Teil 11: Zar und Zarin kamen aus Deutschland

Als Thronfolger ließ Elisabeth den 17jährigen Prinzen Karl Ulrich Peter von Holstein-Gottorf aus dem fernen Schleswig-Holstein kommen, einen Enkel Peters des Großen; und sie wählte aus einer auserlesenen Schar von Anwärterinnen die junge Prinzessin Sophia von Anhalt-Zerbst ihm zur Gattin. Friedrich der Große hatte sie zuvor gemeinsam mit ihrer Mutter nach Berlin eingeladen, wo er sie als seine Tischdame auf ihre Bildung und geistigen Fähigkeiten prüfte. Mit ihren 16 Jahren war sie nicht nur eine hübsche junge Dame, sondern zudem von ungewöhnlicher Intelligenz und nicht nur mit der deutschen, sondern auch der französischen Kultur vertraut.

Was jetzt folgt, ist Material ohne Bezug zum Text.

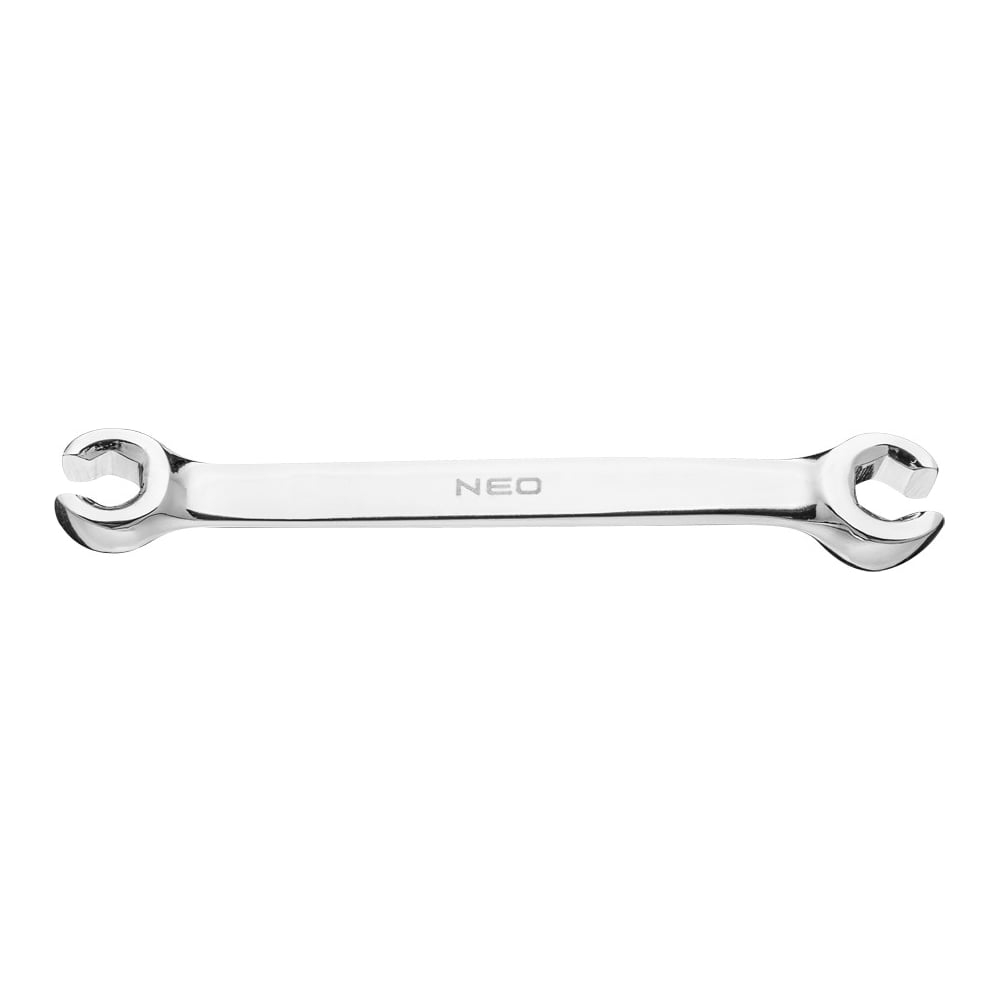 Разрезной ключ NEO Tools 13x14мм 09-149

Doch passte dieses Traumpaar nicht so zueinander, wie man hoffte. Karls Kindheit war schwer gewesen: Mit 3 Monaten hatte er die Mutter, mit 11 Jahren den Vater verloren, die Erziehung erreichte seine Seele nicht; er blieb verspielt und linkisch. In der Verlobungszeit wurde sein Gesicht von Pocken entstellt. Während Sophie die Zeit bis zur Hochzeit nutzte, um sich zu akklimatisieren und die russische Sprache und die orthodoxe Religion zu lernen, umgab Karl sich mit Leuten aus seiner Heimat, wohin auch all sein Wünschen und Planen ging. Zudem war er in eine andere Frau verliebt, was er seiner auserwählten Braut schon bei ihrer ersten Begegnung gestanden hatte, nicht gerade zu ihrer Freude. Es wird berichtet, dass er wegen einer nicht behandelten Phimose seinen Ehepflichten nicht nachkommen konnte.


Die jungen Leute wurden auf die Namen Katharina Alexejewna und Peter III. getauft. Am 1. September 1745 wurde die Hochzeit mit großen Festlichkeiten begangen.

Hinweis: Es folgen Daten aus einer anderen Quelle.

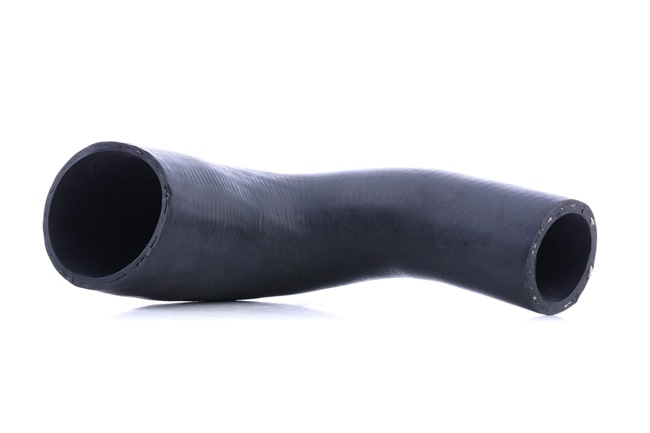 Acquista Tubo intercooler da RIDEX online per Freelander SUV (L314) a prezzi moderati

Für jedermann sichtbar und zum Entzücken des Hofadels und der Geistlichkeit gab Katharina sich überaus fromm, betete viel, kniete vor jedem Heiligenbild und war bei jedem Gottesdienst und jeder Prozession dabei; sie würde sich also wie die meisten ihr vorausgegangenen Frauen leicht von den maßgebenden Männern dirigieren lassen. Schon zu dieser Zeit war sie feinspürig genug, über alle sich am Hofe abspielenden Ränke und Intrigen informiert zu sein. Offensichtlich verstand sie es besser als ihr Verlobter, sich in ihrem neuen Milieu zurechtzufinden. Der war ein Spätentwickler, den sie nach und nach verachten lernte. Peters bewundertes Vorbild war indessen Friedrich der Große, mit dessen Hilfe er gedachte, einst ein modernes Russland, frei von Unterdrückung, Bestechlichkeit und Misswirtschaft aufzubauen. Friedrichs Wahlspruch "Der König ist der erste Diener seines Staates" schwebte auch Peter vor, das krasse Gegenteil der bisherigen Tyrannei russischer Herrscher! 17 Jahre dauerte es noch nach seiner Trauung, bis Peter die Krone erbte. Bis dahin umgab er sich vorwiegend mit Freunden aus Holstein, ja er baute sich eine eigens aus Holstein herbeigeholte eigene Leibgarde auf.

Indessen führte Elisabeth, wie Leo Sievers berichtet, "ihr ausschweifendes Leben weiter, ein Sauf- und Fressleben. Sie war erst knapp über 50, aber sie hatte ihr Leben schon zu Ende gelebt, weil sie nie auf den Gedanken gekommen war, etwas anderes daraus zu machen als eine permante Orgie.

Sie schwemmte auf und verfiel zugleich. Am Ende waren ihre Beine wie gewaltige Wassersäcke, und am 5. Januar 1762 starb sie. Elisabeth hinterließ eine stagnierende Wirtschaft, eine verknöcherte Verwaltung, einen bestechlichen Beamtenapparat und 15.000 Kleider. Sie hatte alles aufgekauft, was an Modeneuheiten in der Residenz angeboten wurde."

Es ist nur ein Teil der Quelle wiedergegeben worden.